■ Exercise description: No picture belongs in the copy. Repeat each line below exactly.

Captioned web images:
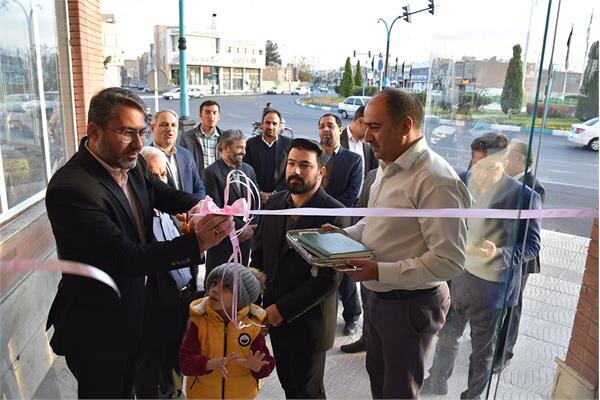 آغاز به کار نمایشگاه کتاب "یار مهربان" در مجموعه فرهنگی ورزشی کارگران استان یزد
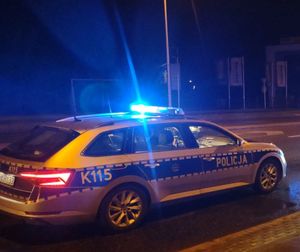 Na zdjeciu policyjny radiowóz.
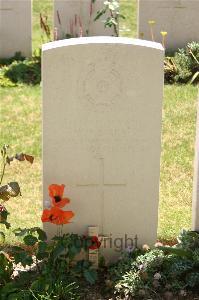 Namps-Au-Val British Cemetery - Eames, W
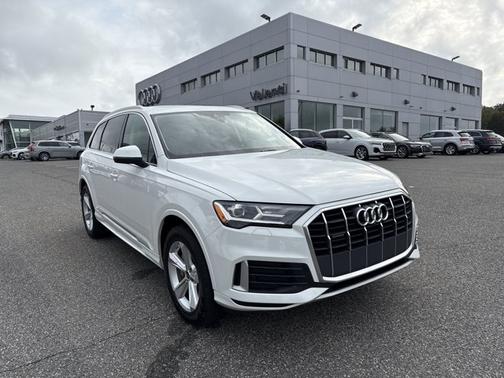 2022 Audi Q7 Premium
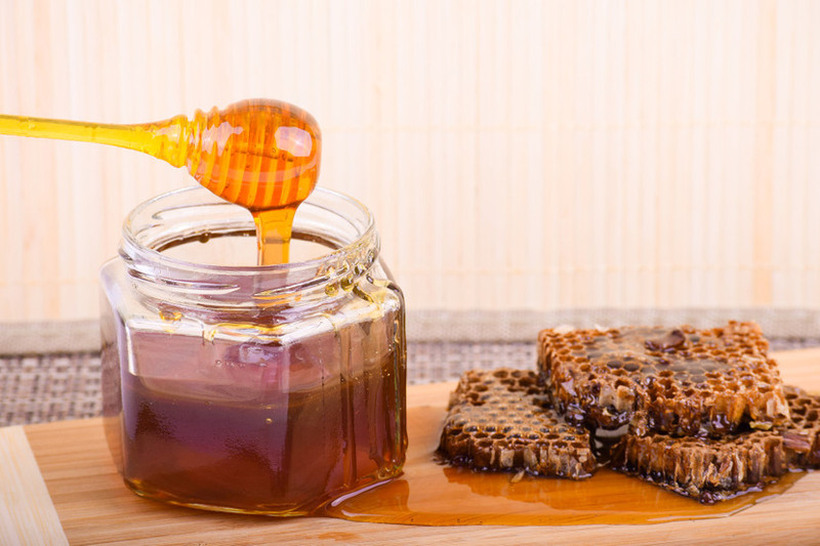 Како да препознаете вистински мед? За тестот ви се потребни чинија и вода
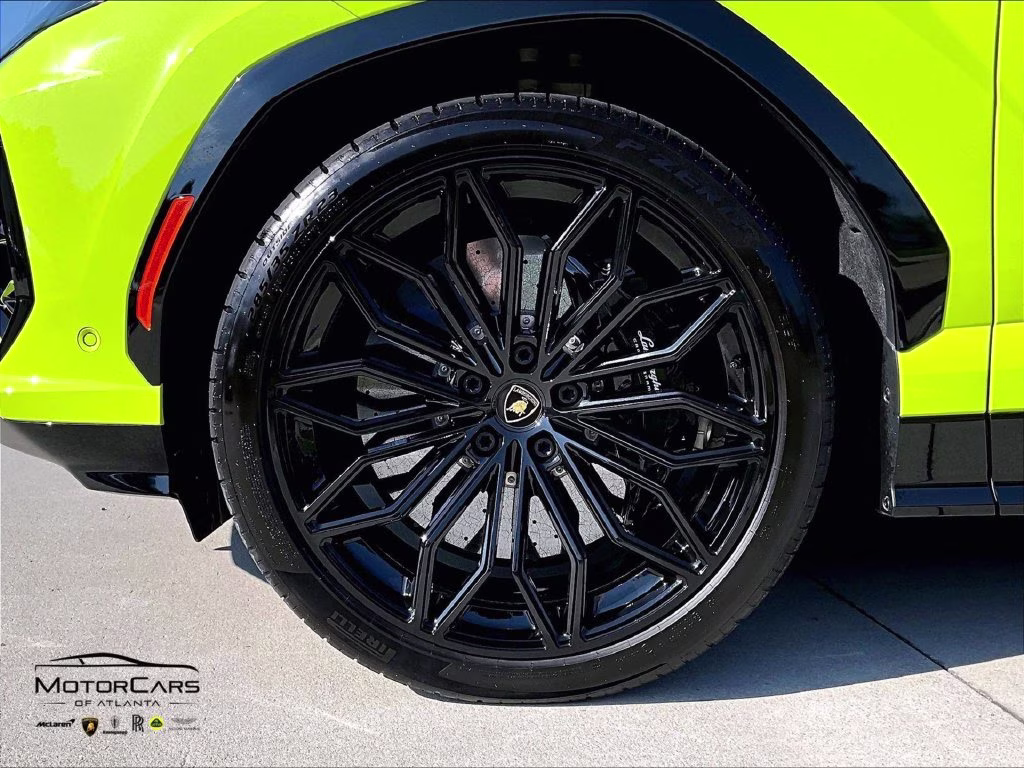 mph009_3656683459_zpbud6zl8sla39743_2025_lamborghini_urus_se_verde_scandal_10_113824_fa01af733e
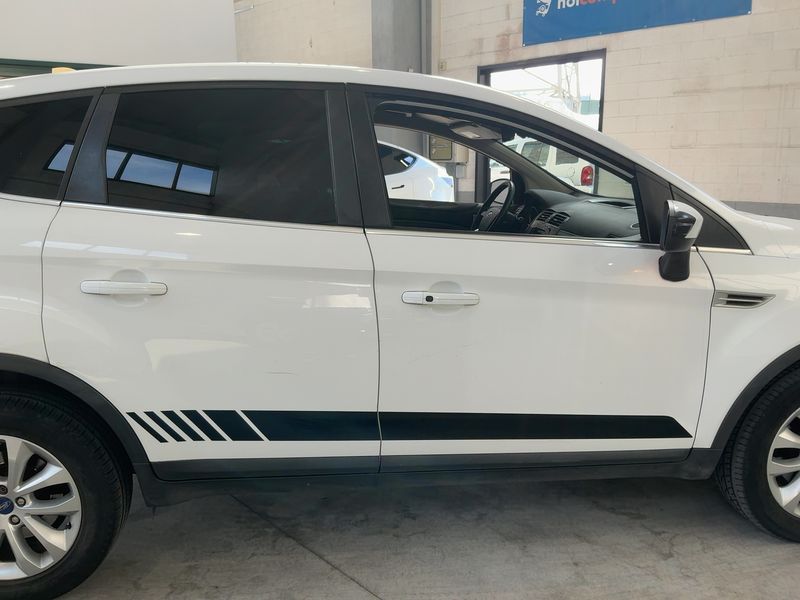 Ford Kuga 2.0 TDCi Titanium 2011 – снимка 10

■ Result of the task:
 آغاز به کار نمایشگاه کتاب "یار مهربان" در مجموعه فرهنگی ورزشی کارگران استان یزد
 Na zdjeciu policyjny radiowóz.
 Namps-Au-Val British Cemetery - Eames, W
 2022 Audi Q7 Premium
 Како да препознаете вистински мед? За тестот ви се потребни чинија и вода
 mph009_3656683459_zpbud6zl8sla39743_2025_lamborghini_urus_se_verde_scandal_10_113824_fa01af733e
 Ford Kuga 2.0 TDCi Titanium 2011 – снимка 10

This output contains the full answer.